En participant massivement à 90 % au référendum, la population du Timor Oriental a bravé la terreur. Même si les résultats ne seront connus que dans une semaine, tout laisse à penser que les partisans de l’indépendance vont l’emporter. Habibie a déclaré qu’il respecterait le choix de la population de Timor. Mais il laisse dans le même temps les milices continuer à faire régner la terreur. Le lendemain des élections, les milices d’extrême droite ont défilé dans les rues de la capitale et tué plusieurs observateurs de l’ONU. Leurs dirigeants ont déclaré qu’ils feraient encore couler le sang si les votes en faveur de l’indépendance l’emportent. Habibie peut d’autant plus se donner un visage de démocrate que la décision finale reviendra au Parlement élu en juin dernier. Or, que ce soient les partisans de l’armée et de l’ex-parti de la dictature, le Golkar, ou le PDIP (Parti démocratique indonésien en lutte) qui vient de remporter les élections et dont la dirigeante Megawati Sukarnoputri est la fille de Sukarno, premier président du pays, tous sont nettement hostiles à l’indépendance du Timor Oriental. D’ailleurs, sur les listes du PDIP, figurait le général Théo Syafei qui a dirigé la répression au Timor en 1991.

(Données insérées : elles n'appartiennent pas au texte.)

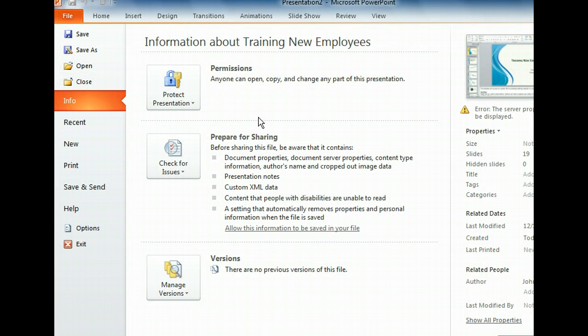The Close button near the top of the left pane will only close the current presentation. The Exit button at the bottom of the left pane will close the entire application. That's the one we want.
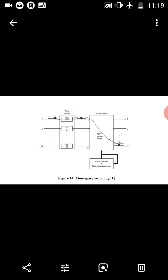The cyclic control and gate select memory contains the information needed to specify the space stage configuration for each individual time slot of a frame. The time stage has to provide delays ranging from one time slot to a full frame. During each outgoing time slot, control information is accessed that specifies the inter-stage link number to output link. During other time slots, the space switch is completely reconfigured to support other connections.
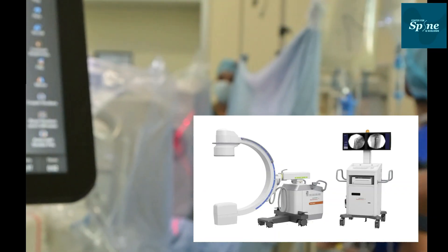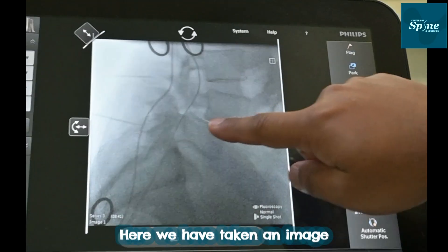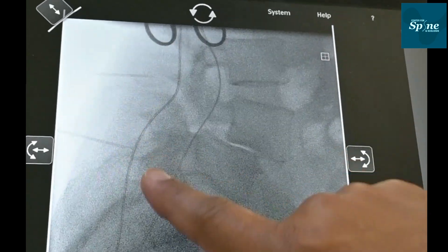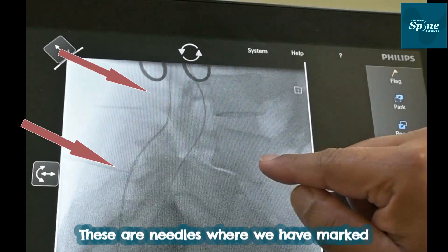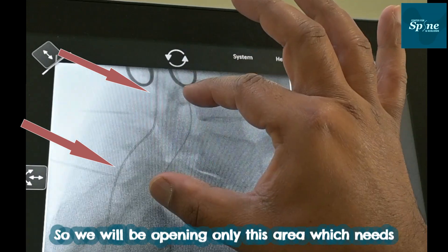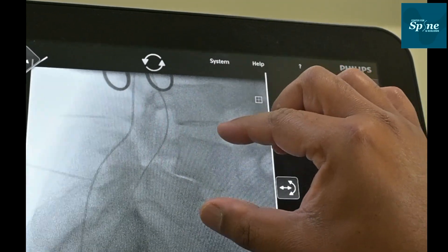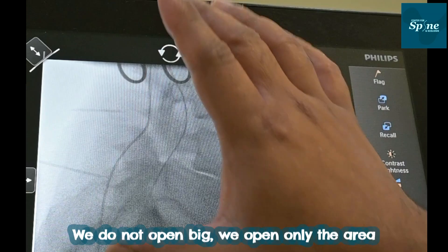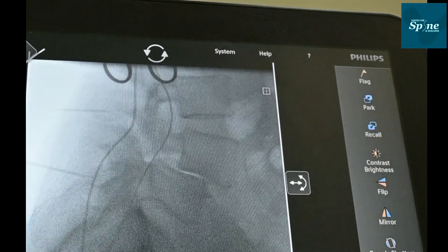This is a 3D CT scan where we have marked our level. These are needles marking where we are going to operate, so we will be opening only this area which needs surgery. These days we do not open big — we open only the area of interest.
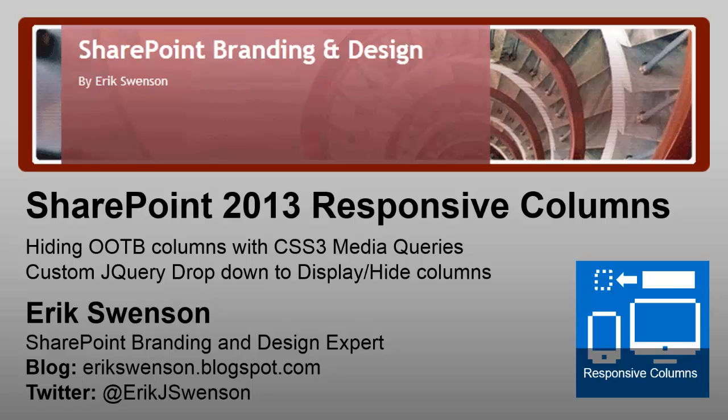Hello and welcome to my SharePoint Branding and Design video blog. My name is Eric Swenson and you can follow me on Twitter at Eric J. Swenson or my blog at ericswenson.blogspot.com. In today's session, we'll be going over the SharePoint 2013 responsive columns and a custom jQuery dropdown to display and hide custom columns on demand.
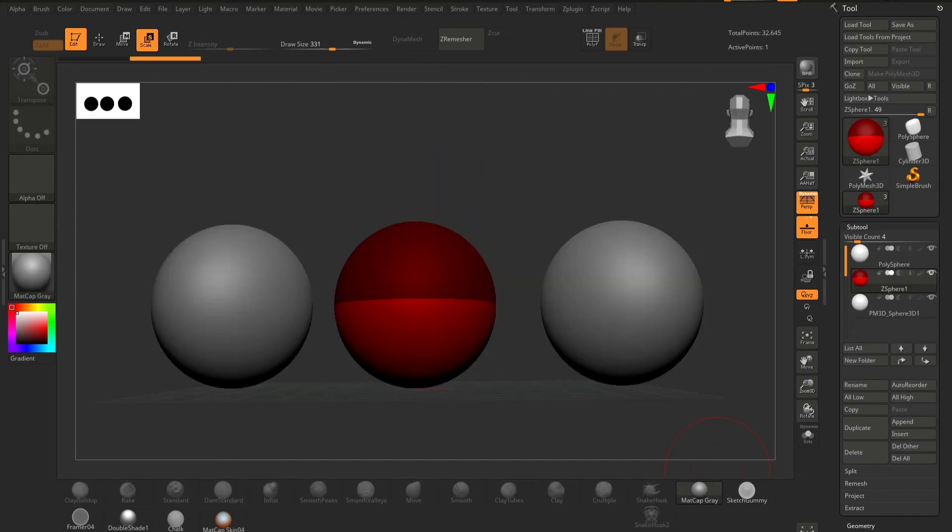And that's it. Three different spheres with three different advantages. Choose wisely and happy sculpting!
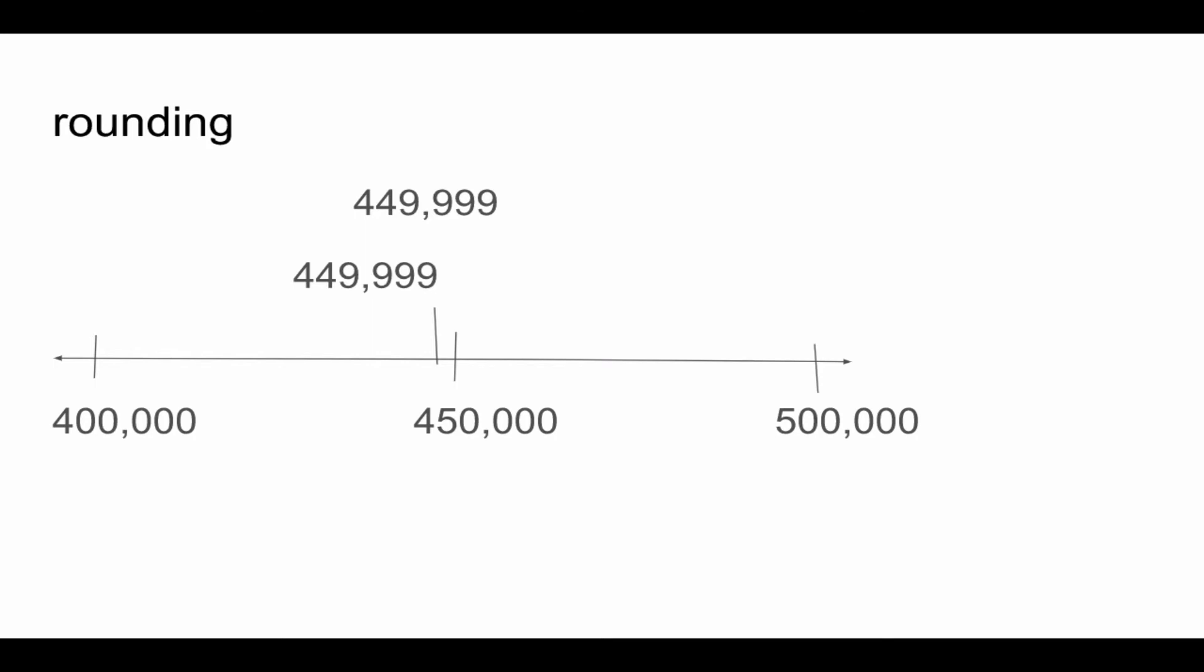449,999 is less than 450,000 and so it rounds to 400,000.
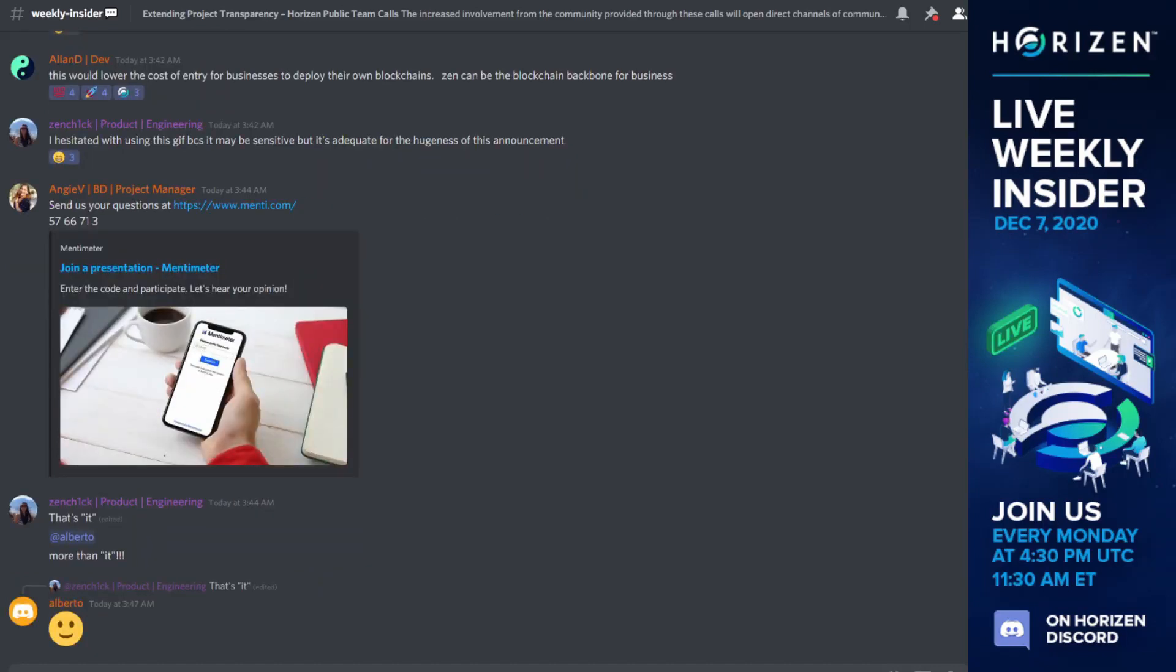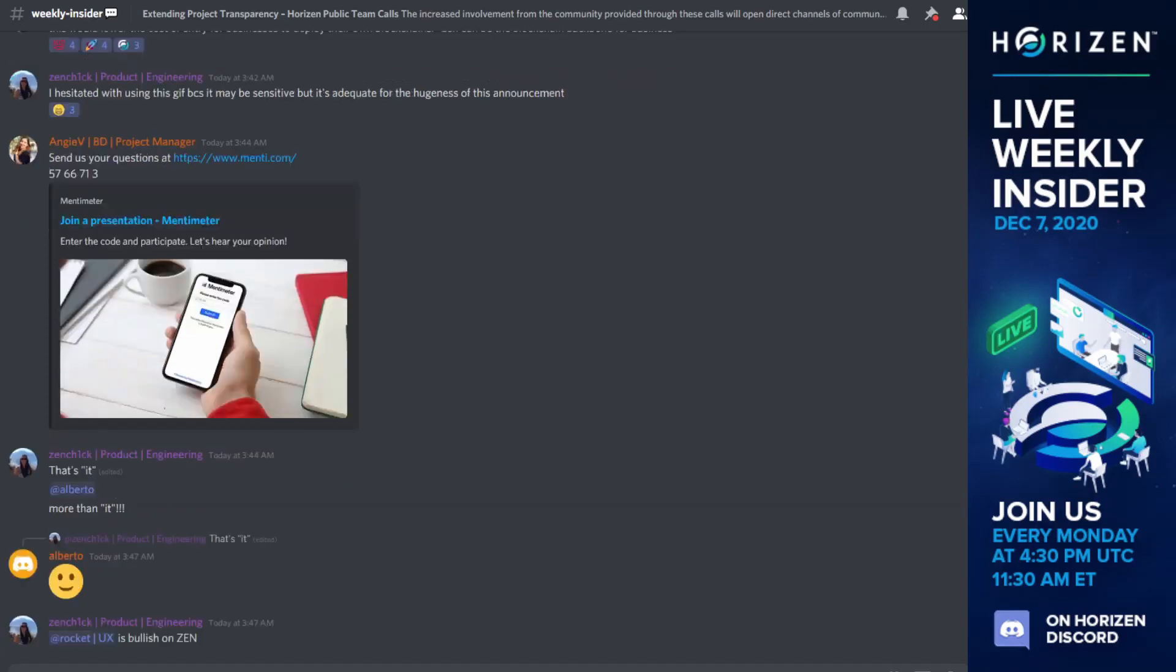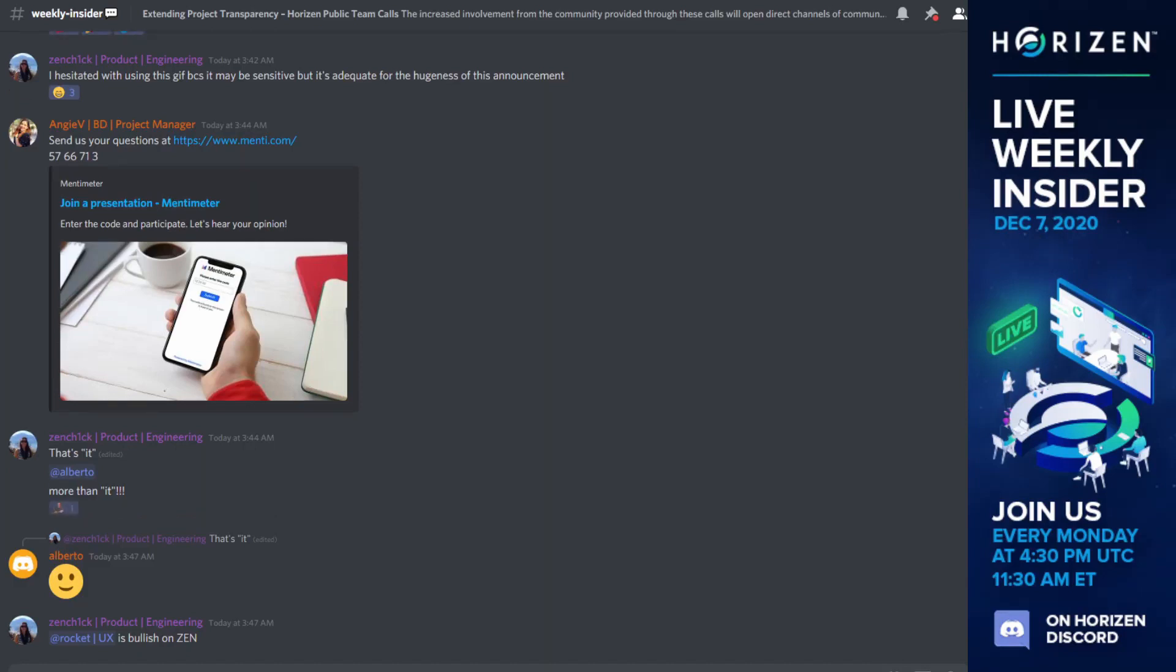Thanks, Angie. So today, Vano has no integration updates for us, so I'll turn it over to Kaspers to talk about our sidechain partnership outreach campaign.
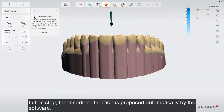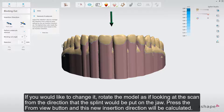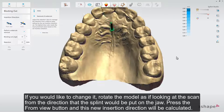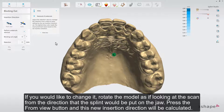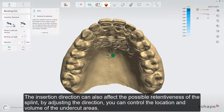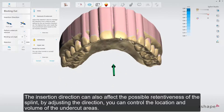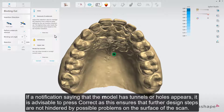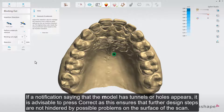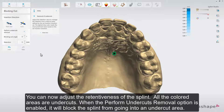In this step, the insertion direction is proposed automatically by the software. If you would like to change it, rotate the model as if looking at the scan from the direction that the splint would be put on the jaw. Press the From View button, and this new insertion direction will be calculated. The insertion direction can also affect the possible retentiveness of the splint. By adjusting the direction, you can control the location and volume of the undercut areas. If a notification saying that the model has tunnels or holes appears, it is advisable to press Correct, as this ensures that further design steps are not hindered by possible problems on the surface of the scan.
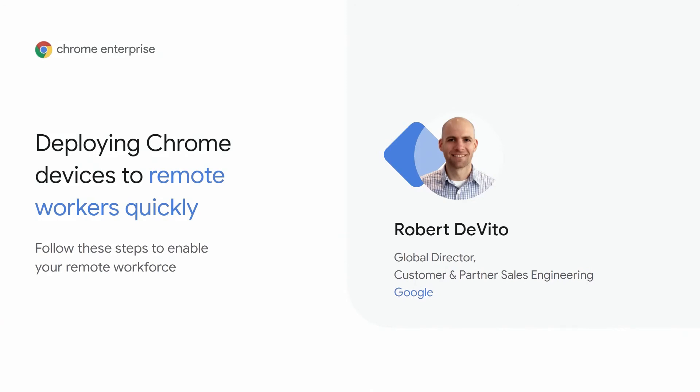Hi. My name is Robert DeVito. I lead the global Chrome customer and partner sales engineering team.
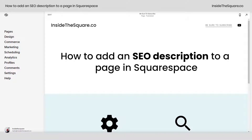Hey there, Becca here from Inside the Square. In this tiny tutorial, I'll teach you how to add an SEO description to a single page in your Squarespace website.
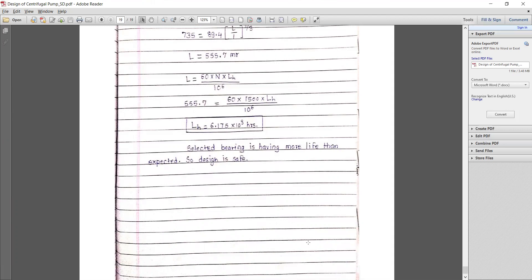That completes the design procedure for a centrifugal pump. The main components designed are the suction pipe, delivery pipe, impeller, casing, shaft, and bearings. These are the important components in the design of a centrifugal pump. Thank you very much. If you have any doubts, go through both video one and video two so you can easily understand the process, or contact me directly.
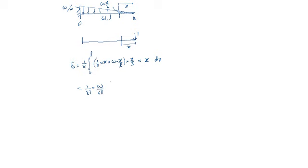And within the integral, x times x times x times x. x to the power 4 is there. That means x to the power 5 by 5, evaluated from 0 to L.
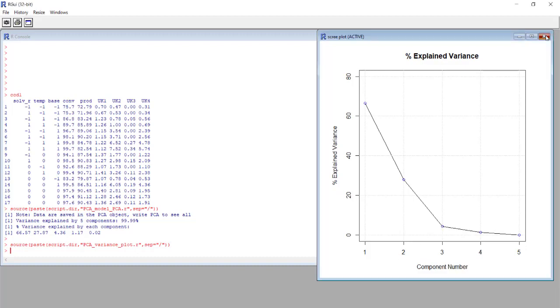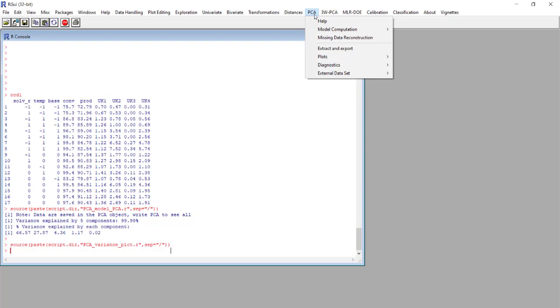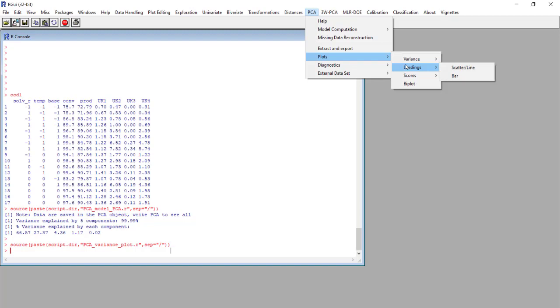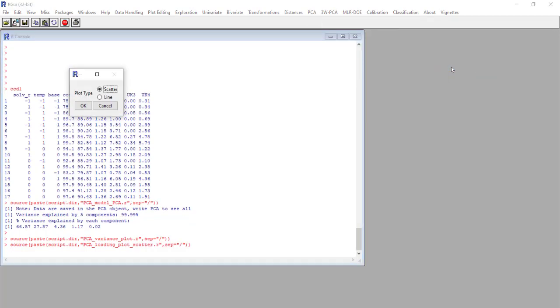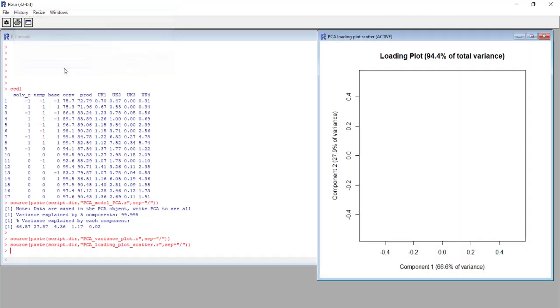Another kind of plot that is really useful, again in PCA plots, is the loadings plot and we select the scatter line plot type, again scatter. We select the first two components to be used as x and y axis and in this case we select the column names as tags of the point.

L’Indonésie, présentée par les médias occidentaux depuis la chute de Suharto comme " la troisième démocratie du monde " est un pays où l’armée continue à exercer le pouvoir. Les généraux indonésiens restent le bras armé de l’impérialisme dans cette région pour que les multinationales américaines, japonaises ou françaises continuent à piller les richesses du pays.

Jean Naredo

Chiffres en bref

318 milliards de francs

C’est le montant des dépenses des " actions pour l’emploi " pour 1997 selon le ministère du Travail. Si l’on y ajoute les exonérations des cotisations patronales d’allocations familiales et la réduction des cotisations sur les bas salaires, cela fait même 365 milliards de francs. Si l’on retranche de ces chiffres la somme de 127 milliards qui a servi à l’indemnisation des chômeurs, cela fait 238 milliards qui ont essentiellement consisté en cadeaux aux patrons. Autant d’argent qui pourrait être utilisé à créer des centaines de milliers d’emplois utiles dans les services publics

300

C’est le nombre de banques de 46 pays différents installées aux Bahamas. Les opérations bancaires sont protégées par la confidentialité et dans ce " paradis fiscal ", il n’y a ni impôt sur le revenu ou la richesse ni taxe sur les importations. C’est là qu’entre autres se blanchit une partie de l’argent de la drogue quoi qu’en dise le gouverneur de la Banque centrale : " nous avons des lois très musclées contre le blanchissement de l’argent sale. Il est possible que cela se produise, mais très rarement et très difficilement ". Ben voyons…

400

C’est le nombre de quartiers privés pour riches qui ont fleuri autour de Buenos Aires, soit le tiers de la surface de la capitale. Ces lieux sont entourés par une enceinte de barbelés et surveillés par des gardiens. 500 nouveaux aménagements sont prévus dans les dix prochaines années.

Plus de 250 000 personnes vivent dans les bidonvilles de banlieue dans un pays, l’Argentine, qui était présenté il y a quelques années comme " l’Europe de l’Amérique latine ".